> About this exercise
Return nothing but the lines from the one with "Bild GROSSFORMATIGE UND" through the one with "Reiss Pale Pink" in the data below, word for word and without pictures.

> Information supplied
___

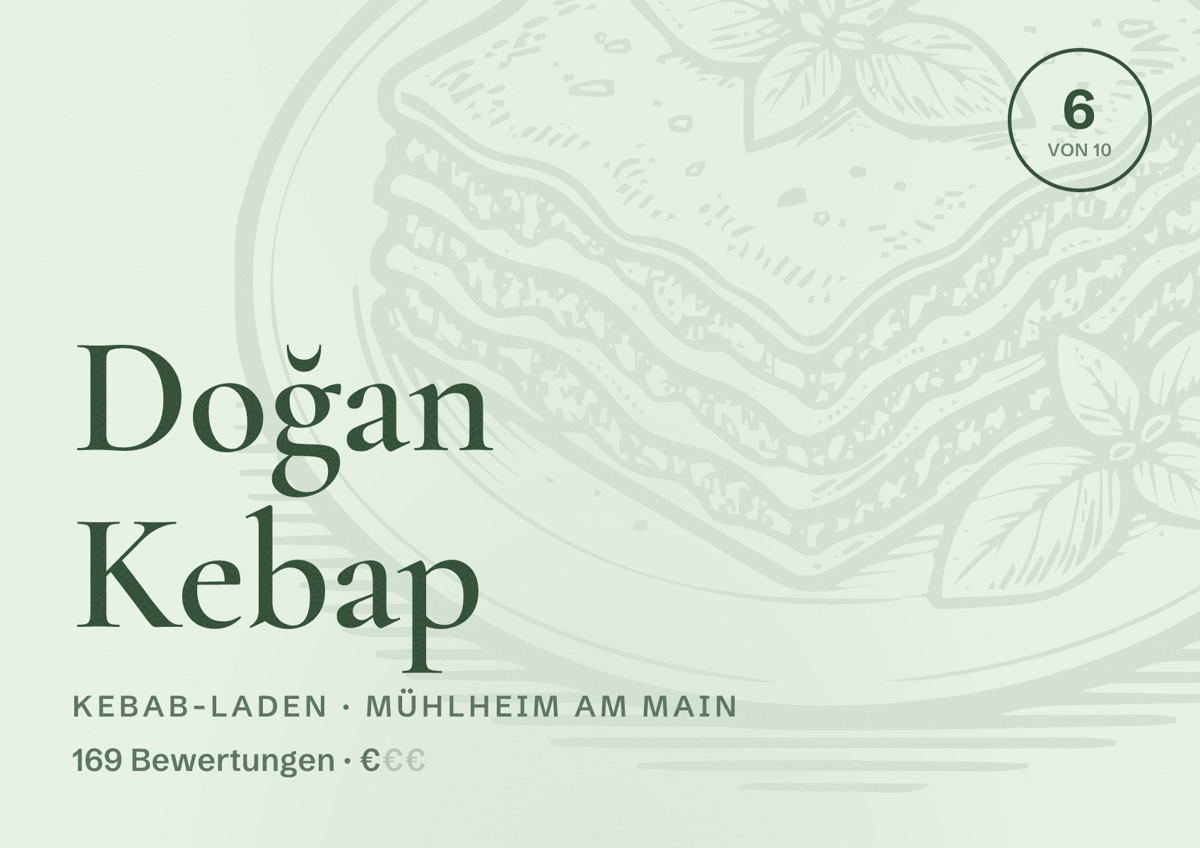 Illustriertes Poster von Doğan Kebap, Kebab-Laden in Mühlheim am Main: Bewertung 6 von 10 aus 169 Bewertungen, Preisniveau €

___

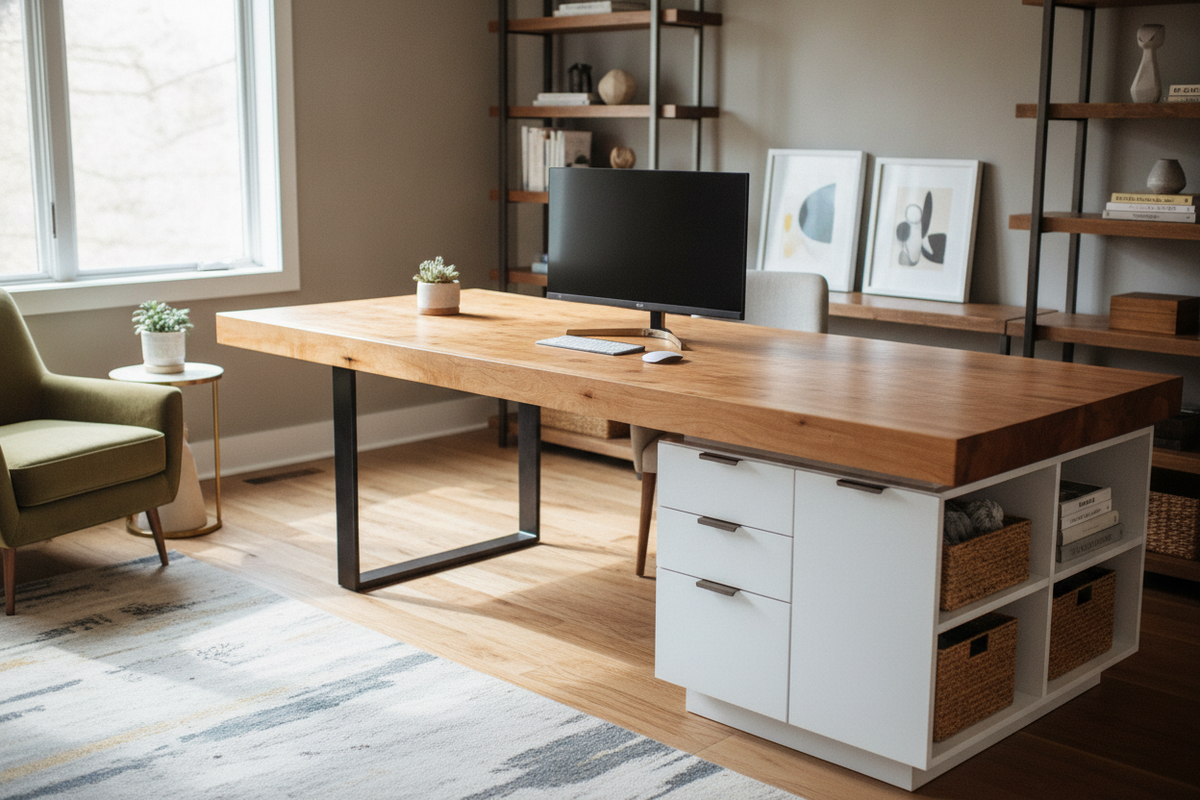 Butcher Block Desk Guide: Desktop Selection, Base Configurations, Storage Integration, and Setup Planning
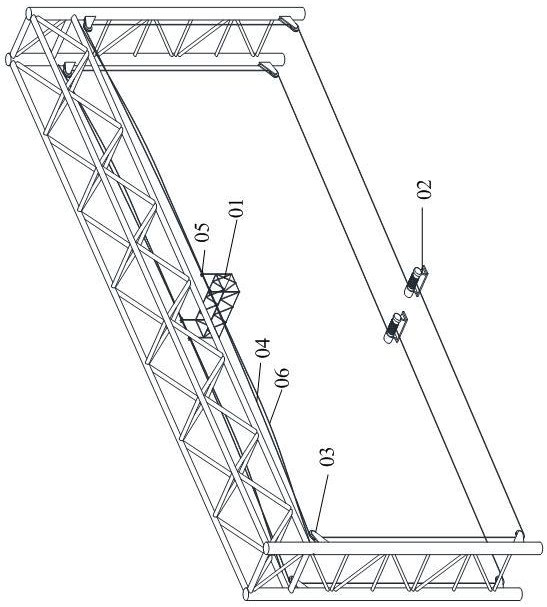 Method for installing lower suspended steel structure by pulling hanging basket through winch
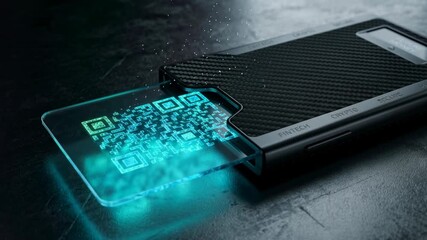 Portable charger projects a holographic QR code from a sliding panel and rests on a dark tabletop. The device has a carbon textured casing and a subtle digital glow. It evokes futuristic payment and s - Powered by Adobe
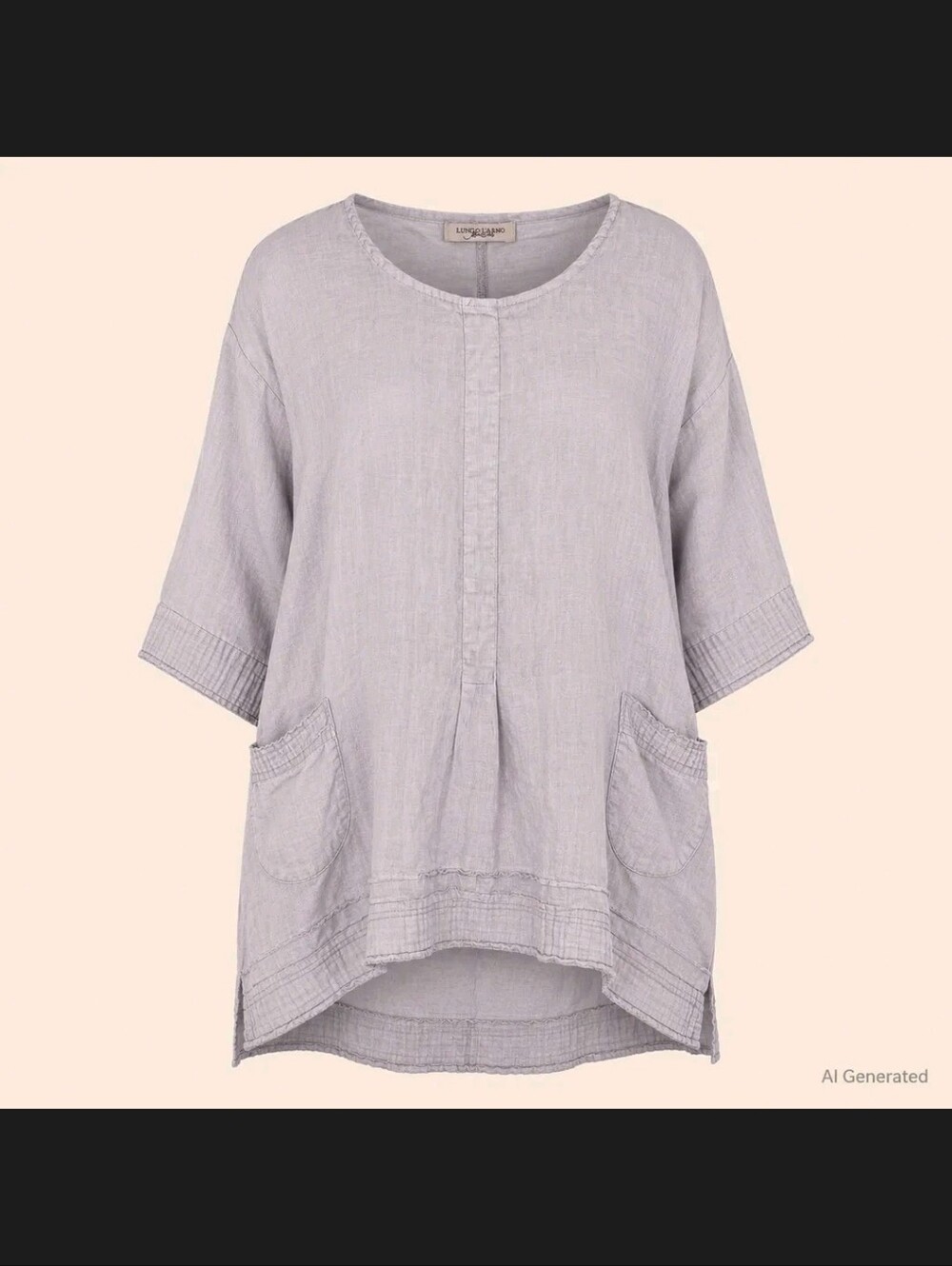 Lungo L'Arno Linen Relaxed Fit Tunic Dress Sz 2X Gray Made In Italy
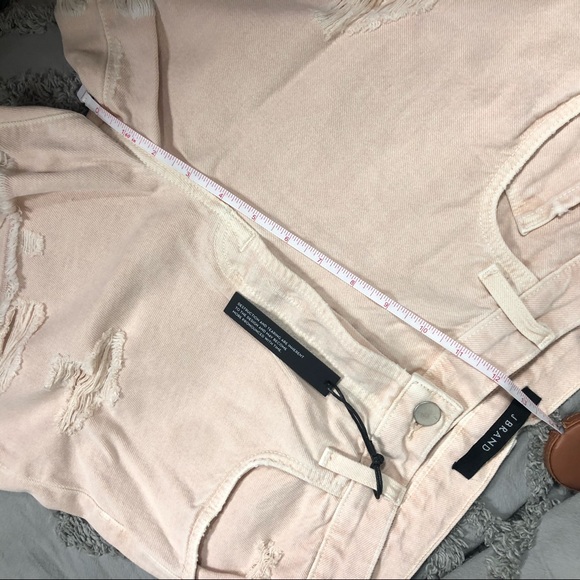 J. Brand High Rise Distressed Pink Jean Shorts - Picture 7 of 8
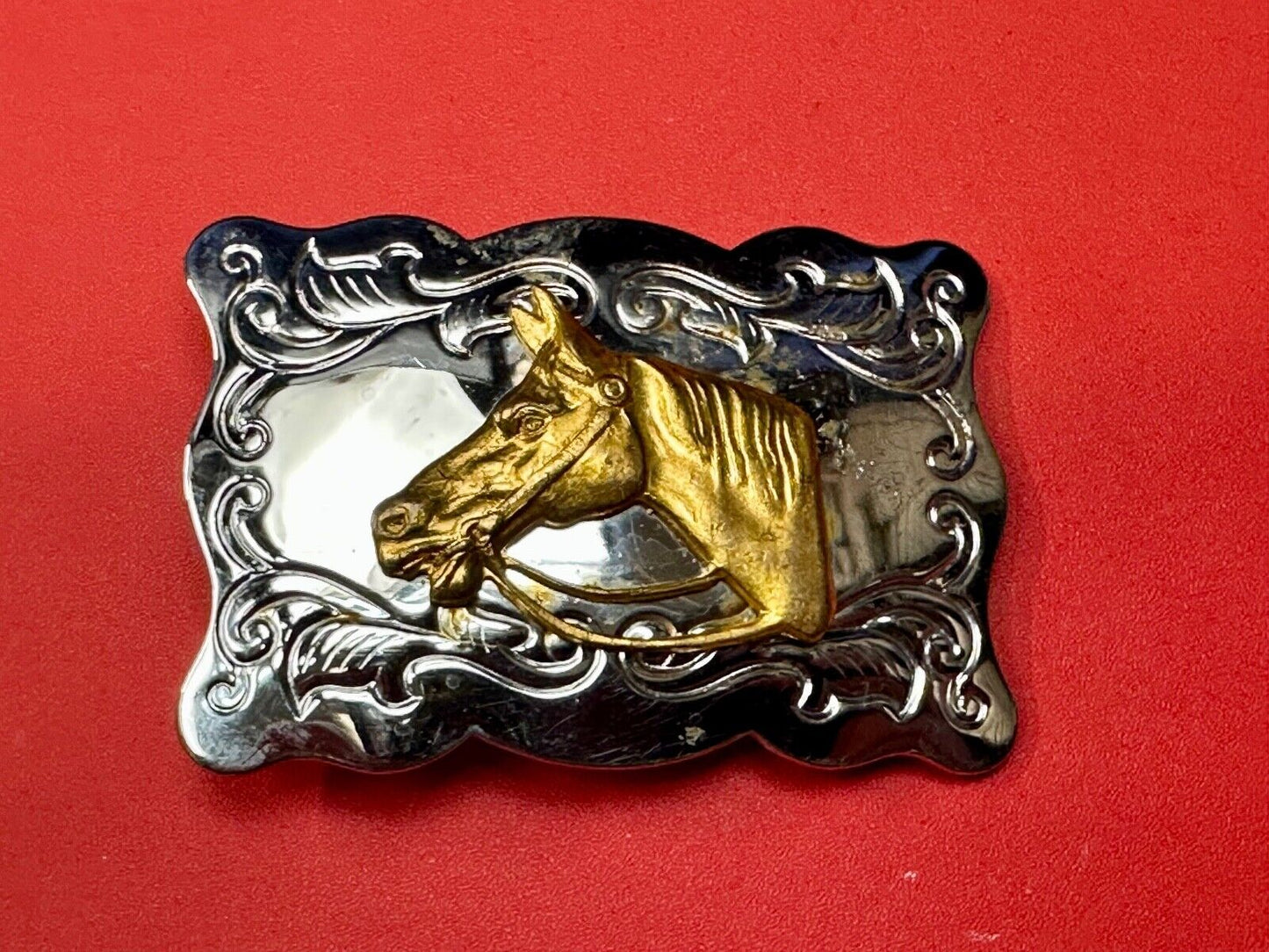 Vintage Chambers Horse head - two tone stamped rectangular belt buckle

___

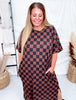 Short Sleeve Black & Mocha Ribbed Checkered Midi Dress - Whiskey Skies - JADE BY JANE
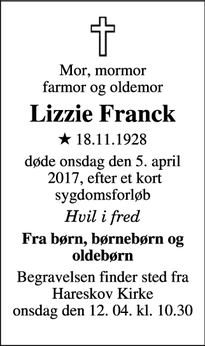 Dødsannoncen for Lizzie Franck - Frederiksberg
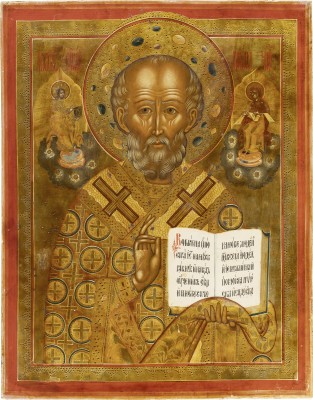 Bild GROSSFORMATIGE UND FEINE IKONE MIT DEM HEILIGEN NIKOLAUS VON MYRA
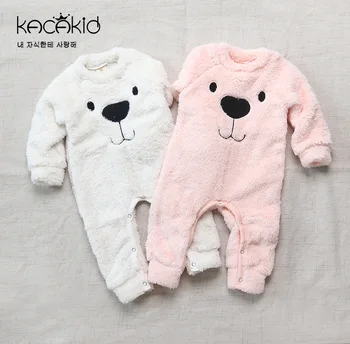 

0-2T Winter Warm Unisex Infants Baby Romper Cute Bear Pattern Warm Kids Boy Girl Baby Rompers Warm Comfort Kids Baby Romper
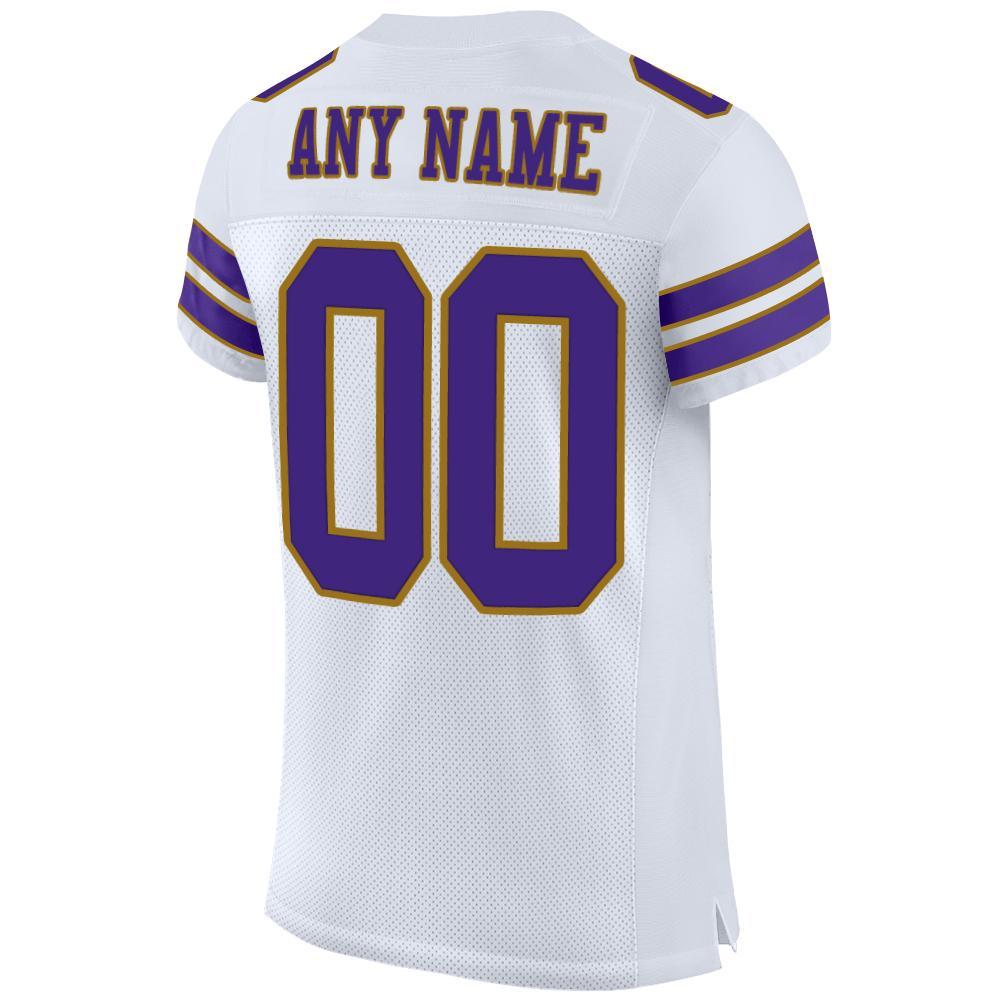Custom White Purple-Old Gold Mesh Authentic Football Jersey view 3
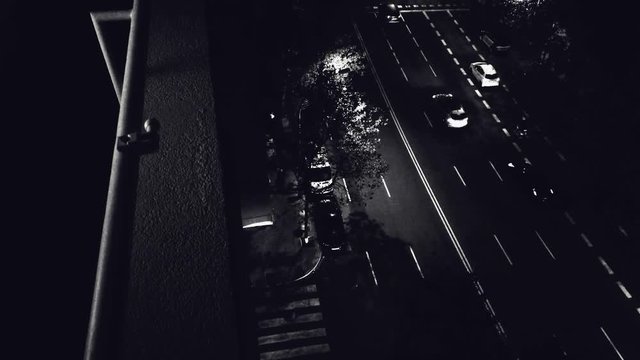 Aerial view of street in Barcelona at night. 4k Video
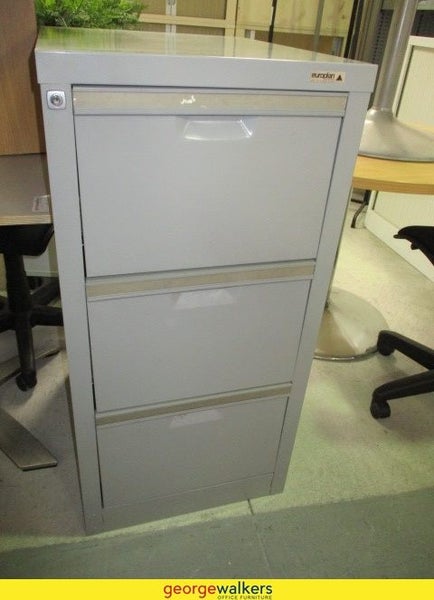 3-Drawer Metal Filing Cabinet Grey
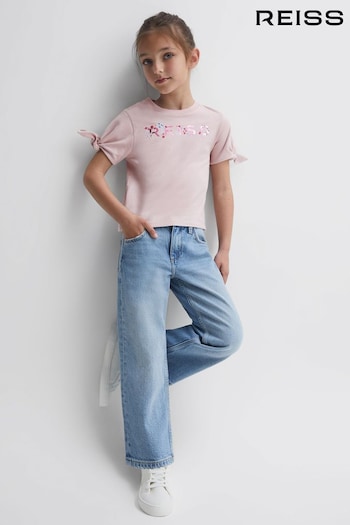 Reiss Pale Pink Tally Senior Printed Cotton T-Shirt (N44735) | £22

___

> Result for this exercise
 Bild GROSSFORMATIGE UND FEINE IKONE MIT DEM HEILIGEN NIKOLAUS VON MYRA

0-2T Winter Warm Unisex Infants Baby Romper Cute Bear Pattern Warm Kids Boy Girl Baby Rompers Warm Comfort Kids Baby Romper
Custom White Purple-Old Gold Mesh Authentic Football Jersey view 3
 Aerial view of street in Barcelona at night. 4k Video
 3-Drawer Metal Filing Cabinet Grey
 Reiss Pale Pink Tally Senior Printed Cotton T-Shirt (N44735) | £22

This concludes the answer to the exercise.